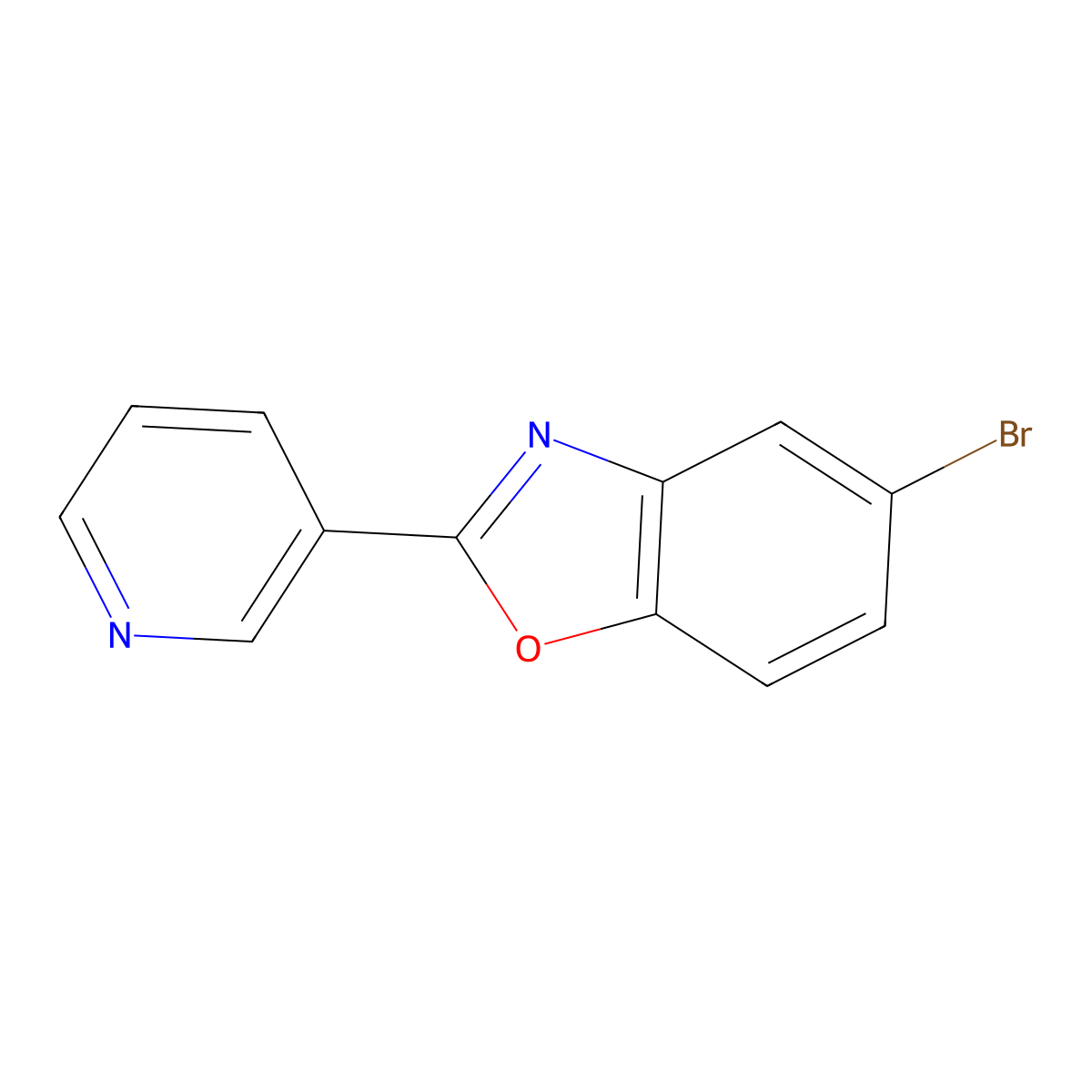 5-Bromo-2-(3-pyridinyl)-1,3-benzoxazole molecular structure, CAS 938458-81-2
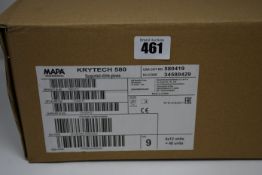 Forty eight pairs of as new Mapa Krytech 580 supported nitrile gloves (Size: 9).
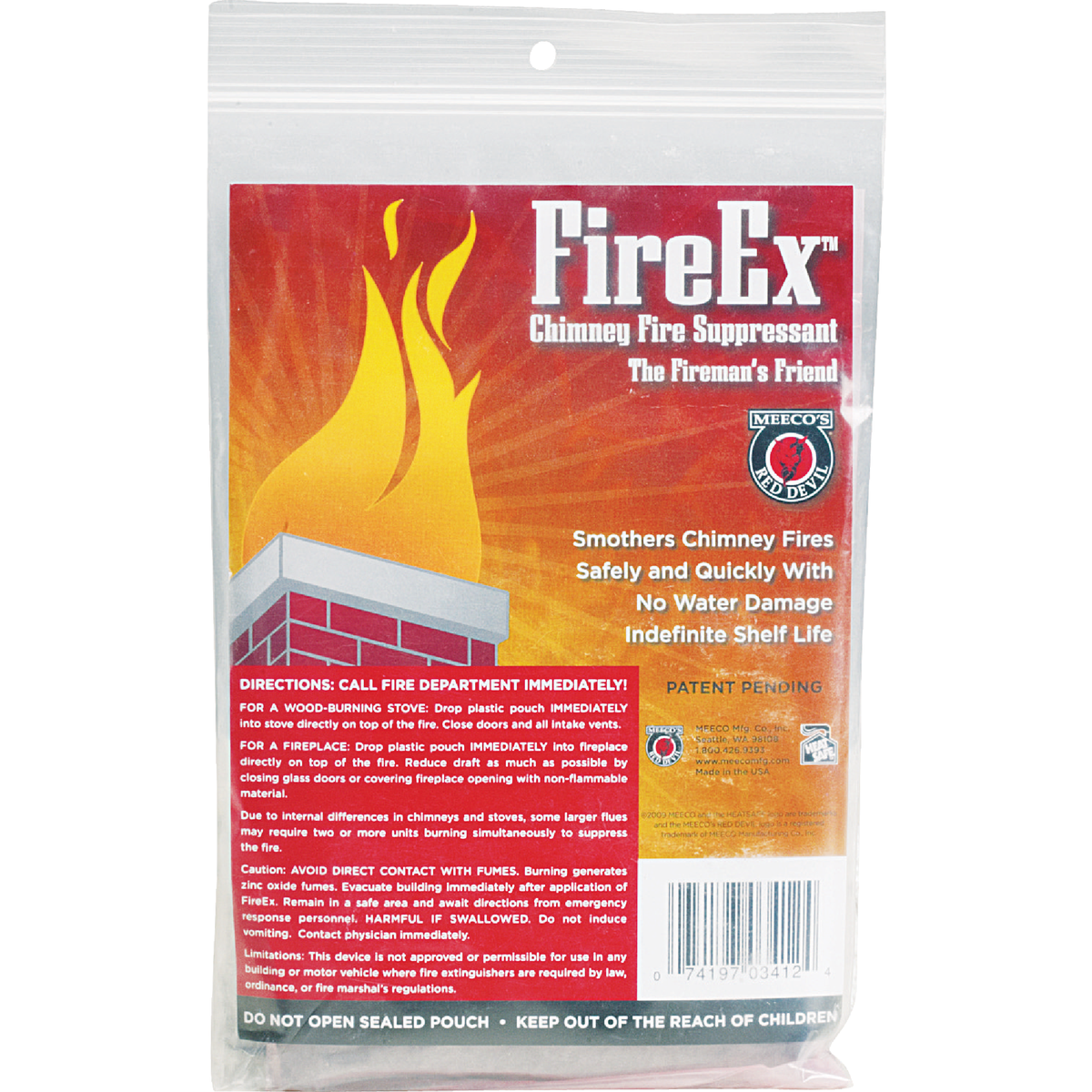 Meeco's Red Devil FireEx Chimney Fire Suppressant Image 2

============================================================

◆ PROBLEM DETAILS
Copy out all the data above exactly as written. Skip the pictures.

◆ THE ANSWER
 5-Bromo-2-(3-pyridinyl)-1,3-benzoxazole molecular structure, CAS 938458-81-2
 Forty eight pairs of as new Mapa Krytech 580 supported nitrile gloves (Size: 9).
 Meeco's Red Devil FireEx Chimney Fire Suppressant Image 2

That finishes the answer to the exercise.